Putin as Wimp - Instablogs
Putin as Wimp
Kim , New York: Apr 29 2008
Made Popular Apr 30 2008
Russia :

Putin as WimpMeet Boris Nemtsov.

From March 1997 to August 1998, he was former Russian President Boris Yeltsin’s deputy prime minister for energy. Nemtsov made a name for himself when he led a protest action in Soviet Russia in 1986, at the age of 27, to block the construction of a nuclear reactor in his home town of Sochi. He then tried to run for parliament, but was blocked by the Communist Party.

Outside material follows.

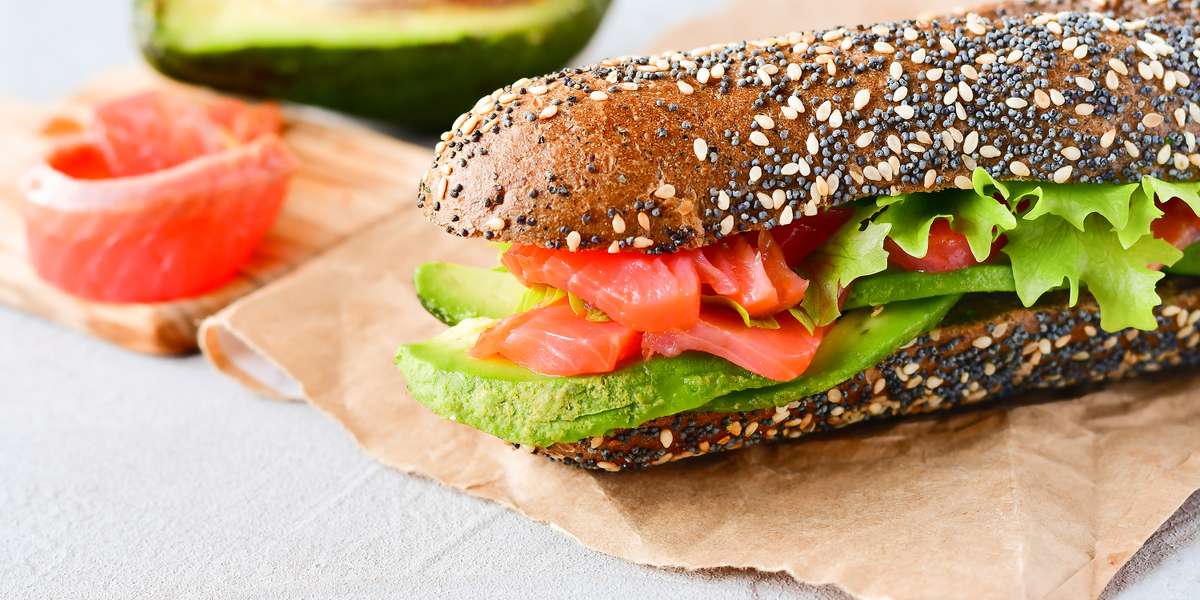 iKraveit Foods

A few years later, as the Soviet regime began to collapse and Mikhail Gorbachev’s liberalization policies took hold, Nemtsov tried again to enter parliament, and this time succeeded. When the USSR collapsed, he was appointed the first non-Communist governor of the Nizhny Novogorod region, and subsequently won the first-ever election to that post. This position also meant he entered the Federation Council, the upper house of Russia’s parliament. He quickly won international praise for his effective policymaking in Nizhny Novgorod, and was soon brought in to the presidential administration.

Scapegoated by Yeltsin for Russia’s economic collapse of the late 1990s, Nemtsov then formed his own political party, the “Union of Right Forces,” and they won nearly six million votes in the December 1999 parliamentary elections. Soon, however, proud KGB spy Vladimir Putin was in power and Nemtsov, along with all the other liberal parties, were squeezed out of the parliament.

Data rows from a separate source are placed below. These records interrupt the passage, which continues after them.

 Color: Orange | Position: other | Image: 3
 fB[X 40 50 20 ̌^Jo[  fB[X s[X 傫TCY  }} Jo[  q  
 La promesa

Nemtsov joined the “Other Russia” opposition protest movement, and on November 25, 2007 he was arrested for taking part in an unauthorized street protest. He declared himself a candidate for president in 2008, withdraw his candidacy in support of liberal former prime minister Mikhail Kasyanov, who was then forced off the ballot by the filing of criminal charges.

A few months ago, Nemtsov also withdrew from the Other Russia group. He did so because he was about to publish a white paper reviewing the accomplishments of the Putin administration during its two terms in office, a document that would include strong criticism of Putin’s record, and did not wish to bring the Kremlin’s ire down upon the organization.

My blog La Russophobe has translated Nemtsov’s paper from the Russian and made it available in PDF and HTML format. Now, writing in the Moscow Times, author Richard Lourie (A Hatred For Tulips and Sakharov: A Biography) states that “all Russian bookstores have reportedly refused to carry [Nemtsov’s work], whose title has been variously translated as ‘Putin: The Results’ and ‘Putin: The Bottom Line.’”

In other words, it’s classic Soviet-era censorship. Despite his pretensions of courage and power, Putin is afraid of Nemtsov just the way the Tsar feared Pushkin and the Politburo feared Solzhenitsyn. And the only response they can make is crude repression.

The parallels between Soviet Russia and Putin’s Russia are indeed frightening. The Moscow Times also reports that a whole new class of dissidents is being created in Russia, and they are fleeing the country to find safe havens in places like Ukraine in order to avoid being jailed or murdered. One example is “Olga Kudrina, 24, [who] was sentenced to 3 1/2 years in prison for a May 2005 stunt in which she and another National Bolshevik [Party] member hung a banner from the now-demolished Rossiya Hotel reading ‘Putin, Quit Your Job’ and for participating in a 2004 break-in at the Health and Social Development Ministry. She failed to show up for her sentencing in May 2006, instead fleeing to Ukraine.”

If you can get three and a half years in a barbaric Russian prison cell for telling Putin to quit, imagine what the sentence would be if you suggested he do something even more unpleasant.

How are these circumstances any different from what we saw occurring in the USSR? How is it possible that Russians can plunge headlong into exactly the same nightmare that has already destroyed them?

What we are seeing is a level of foolishness and outrage that is unprecedented in human history.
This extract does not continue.